Два дня мы стояли в очереди на переправе. Когда ехали под мостом, начался обстрел хаммерсами , и один из снарядов, который сбила ПВО, упал в воду в 15 метрах от нашего понтона. Это было самое страшное, что произошло с нами с начала полномасштабного вторжения. Мы видели, как наши бьют по мосту, видели, как российская ПВО работает… Мы выехали на ту сторону и поехали в Васильевку. Там нас люди в полях и деревнях принимали, давали жилье и кормили. Сначала в селе Лепетиха заночевали, потом в Первомайском — у пожилой пары. А дальше едва добрались до Запорожья. После нас еще две-три колонны проехали и все — проезд ограничили.
Потом мы поехали в Киев, дальше на западную Украину.

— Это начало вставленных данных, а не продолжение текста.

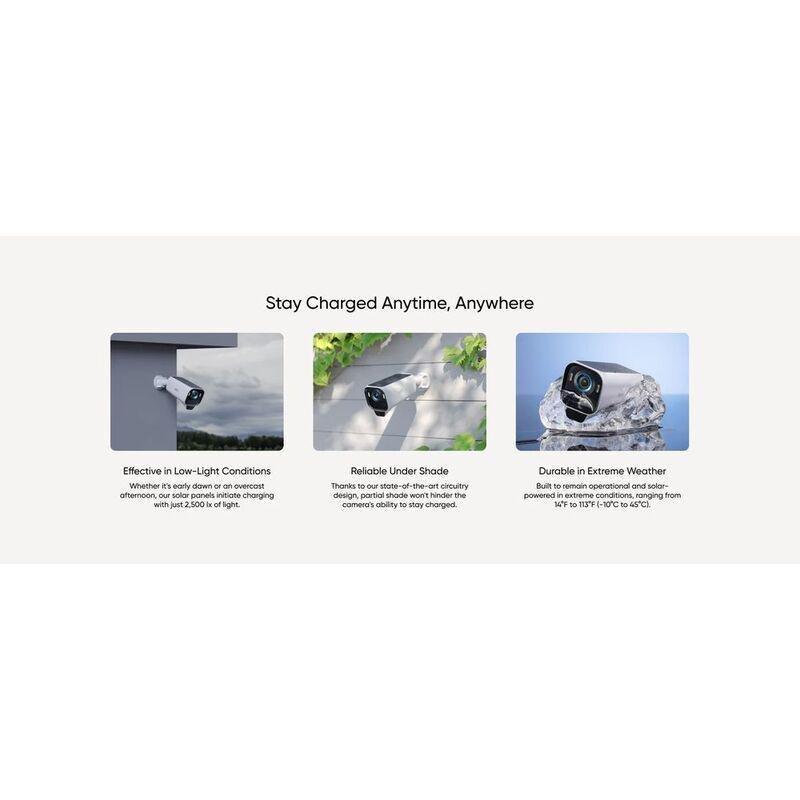 Eufycam S3 Pro 4+1 Security Camera Kit -T88943W1 With 1 TB SSD, , large image number 0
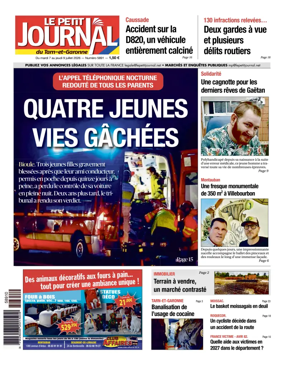 Cover of Le Petit Journal - du Tarn-et-Garonne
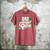 Soccer Birthday Birthday Dad Boys Soccer Birthday Men's Comfort Colors T-Shirt Crimson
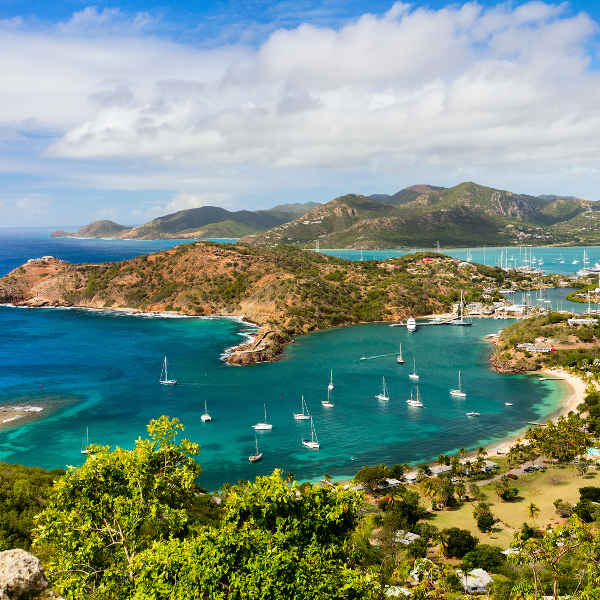 the Caribbean incredible landscapes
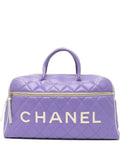 CHANEL Weekend Duffel Overnight Duffle Tote bag (SM)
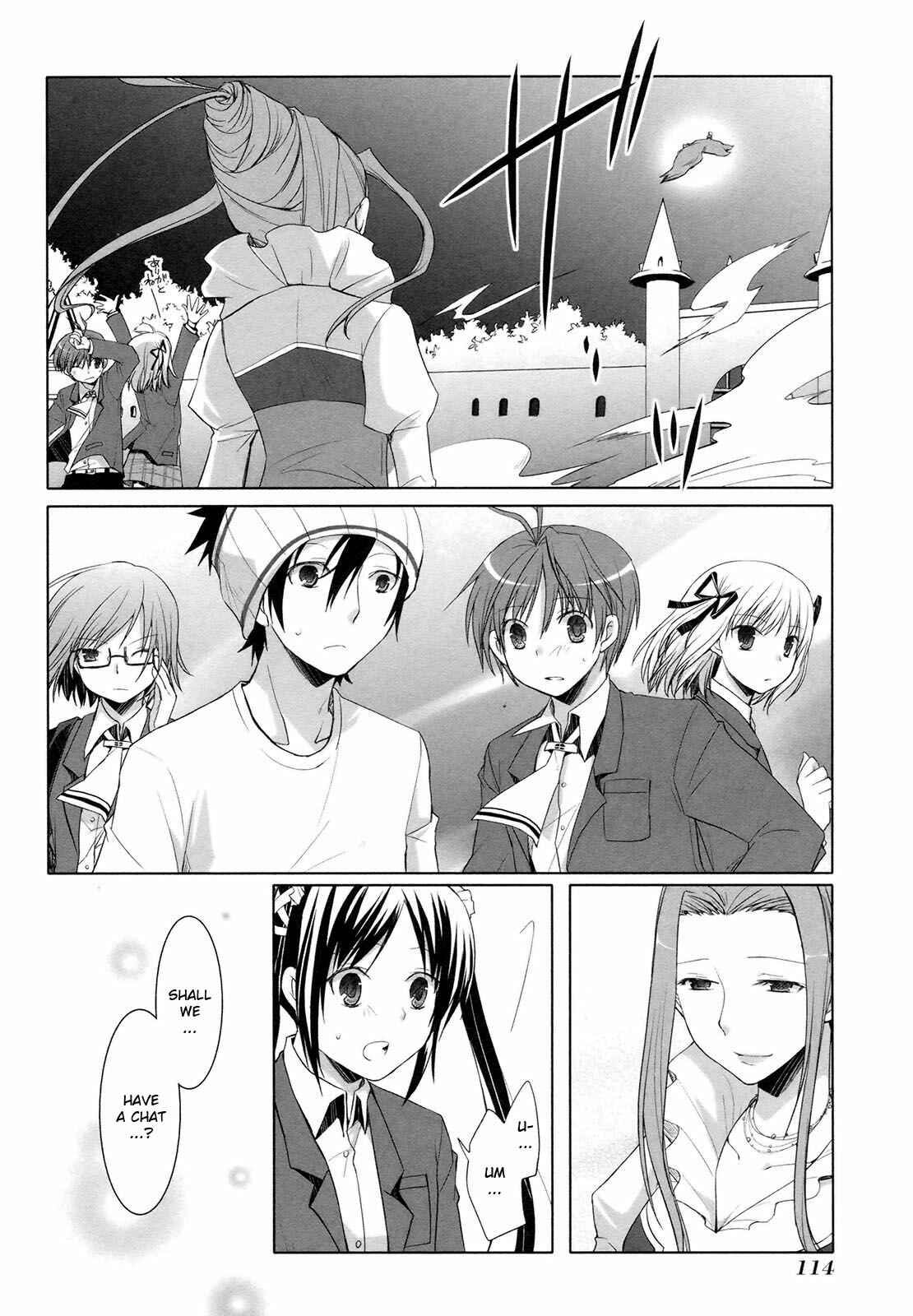 Page 12 Chapter 17 ShiraYuki PaniMix!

Я понял, что такое ПТСР . Каким бы подготовленным ни был, учитывая профессию, но микрострессы меня догнали. Я поехал в горы восстанавливать психику, потому что иначе было просто невозможно. Сейчас вместе с коллегами разрабатываю программы восстановления психики для военных и гражданских, потому что, скорее всего, это [ПТСР] коснется каждого. Когда я был в Херсоне, каждый день выполнял какие-то задачи, не было времени над этим задуматься, а уехавшие рассказывают, что две недели — «ломка», боли в теле, депрессия. Каждый эмпатический человек уже пострадал.
Я очень горжусь херсонцами. Многие считали Херсон «городом спящих». Но как его жители поразили меня на митингах… Как же они бесстрашны! Для меня они — герои!